This is my Sunday column for the Nov. 13, 2011 edition of the Hibbing Daily Tribune. I’ll be discussing this and other Iron Range news, including mining project updates (hot hot!), on 91.7 KAXE’s Morning Show at 7:20 a.m. Monday. Listen live or pick up the archive later at www.kaxe.org.
Whether you’re talking about the Iron Range, Minnesota or even America as whole, it feels like we have been climbing a mountain for generations and now have tumbled forward onto some kind of plateau. We’re not to the top of the mountain yet; but this flat land is serviceable, despite the wind and hard winters. Moments like this give people the chance to fight and divide over every little thing.
Last year the Tea Party united fiscal conservatives over the largess of government. This year Occupy Wall Street protests the growing divide between rich and poor, the mounting power of corporations in our lives. Several versions of a cartoon have been circulating online that shows the overlap of these two movements, one being deeply relevant and the other full of miscreants (which is which is a matter of your politics). But our problem is not government or corporations, per se. It’s that government and corporations have a cozy relationship with each other and a distant relationship with us, the voter and/or customer.
This would normally be a great recipe for a new political party or a great reform movement, but the divides in our country are not really just about politics. There are many things Tea Party and Occupy Wall Street supporters could find in common, if it weren’t for the fact that they so viscerally despise one another on a cultural level.

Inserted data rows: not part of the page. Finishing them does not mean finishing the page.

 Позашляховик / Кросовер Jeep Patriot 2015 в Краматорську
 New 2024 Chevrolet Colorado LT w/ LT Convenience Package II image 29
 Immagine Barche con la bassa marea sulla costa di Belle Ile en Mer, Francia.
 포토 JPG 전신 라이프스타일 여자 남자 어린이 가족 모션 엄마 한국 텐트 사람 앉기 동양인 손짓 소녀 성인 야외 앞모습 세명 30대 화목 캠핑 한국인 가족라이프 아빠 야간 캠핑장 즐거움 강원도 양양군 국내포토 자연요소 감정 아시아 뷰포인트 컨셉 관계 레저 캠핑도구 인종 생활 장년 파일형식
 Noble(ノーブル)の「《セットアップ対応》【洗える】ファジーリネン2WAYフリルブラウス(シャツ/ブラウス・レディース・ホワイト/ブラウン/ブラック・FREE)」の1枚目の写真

Combined with the previously mentioned marriage between government and corporate interests, this brings us the sad fact that President Obama and his Republican opponent will spend a combined $1 billion on political advertising next year, mostly on emotional appeals that feed on our fear and hatred of the other side. The Citizens United Supreme court decision ensures that another billion in soft corporate and union (but mostly corporate) money is poured into the ruckus. Another billion bucks will be spent getting Americans to hate one or more people running for Congress. And then there’s the local races!

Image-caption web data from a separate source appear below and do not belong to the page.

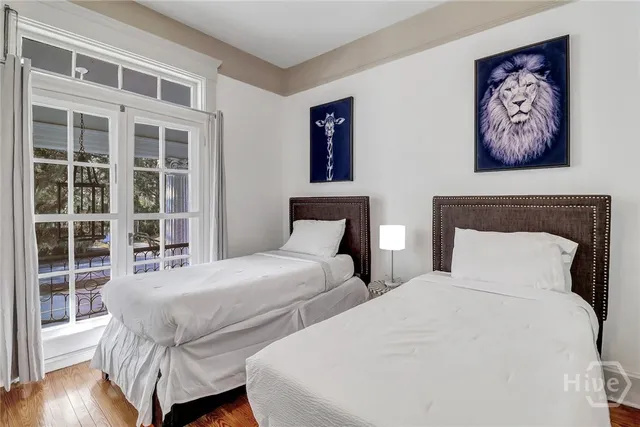 $10,000 | 602 East Victory Drive, Savannah, GA 31405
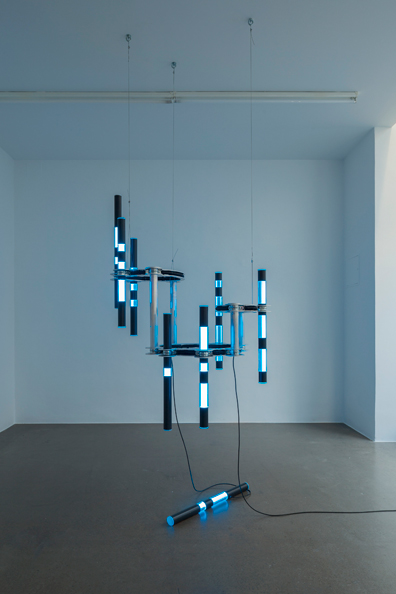 Brigitte Kowanz: 2014, LED, Acrylglas, Aluminium
ca. 98 x 82 x 98 cm. 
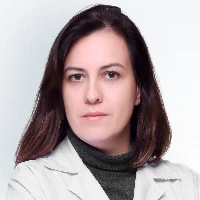Dra. Yanara Feltrin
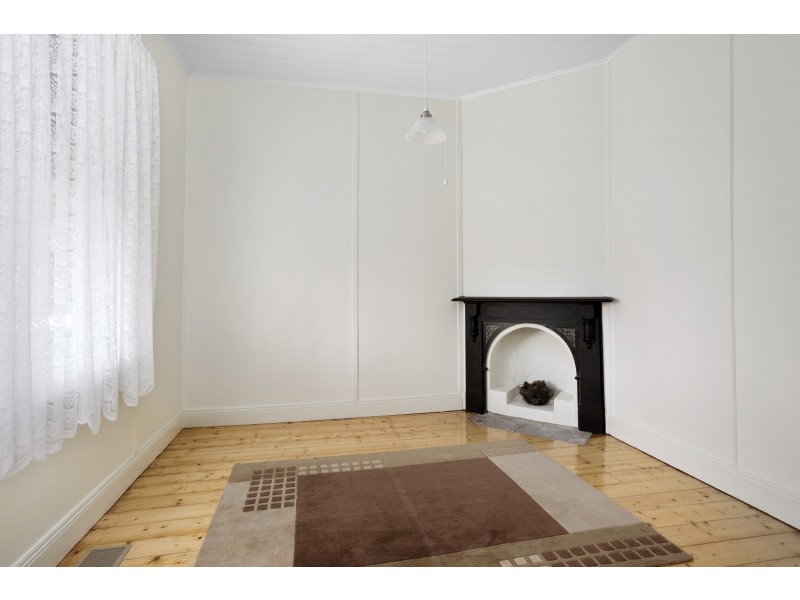 23 Arms Street, Long Gully VIC 3550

Meantime, back in the real world, a story by Kathryn Kohlhase in last Sunday’s edition of the Hibbing Daily Tribune detailed the crisis situation faced by the Hibbing Food Shelf. Food Shelf director Carol Voss describes having $12,000 in the bank to pay for food through March 2012. More than 900 families remain on the food shelf’s computer list of clients, which are now entirely based in the relatively small city of Hibbing.
Quoting the story, “Last year, we had 700 a month during the holidays,” [Voss] said. “No way could I touch that now.”
Voss even cut her own wages in half to pay the bills. Despite all of it, money is only trickling in.
Another quote, “The money’s not coming in like usual,” she said. “It always has come before at the last minute, but this time it’s not.” … “A lot of people who donated money before, we’re now helping,” she said. “And we have new people coming in every day.”
We shouldn’t rest easy in a society that spends $2 billion on soul-sucking political garbage TV and can’t even figure out how to get people in poverty through transitions, educate them and get them into the workforce so they can help the next generation.
The real divide in this country is not between Democrats and Republicans. The divide is between the out-of-touch power structure, including leadership in both parties, and the apolitical, struggling lower and working classes. These are the people working nights at the gas station or nursing home, going home tired to kids that need help with their homework. These are the grandparents raising small children. These are the people watching their pay hold steady or drop while food, gas and insurance prices rise.
Right now these folks are on or near that food shelf database. If things get worse they’ll be in the street. I don’t mean living on the street. I mean banging on the doors of the kind of people who think our problems can be summed up by political invective and useless sound bites. I can’t wait. Maybe when this is settled we can go back to climbing that mountain, together.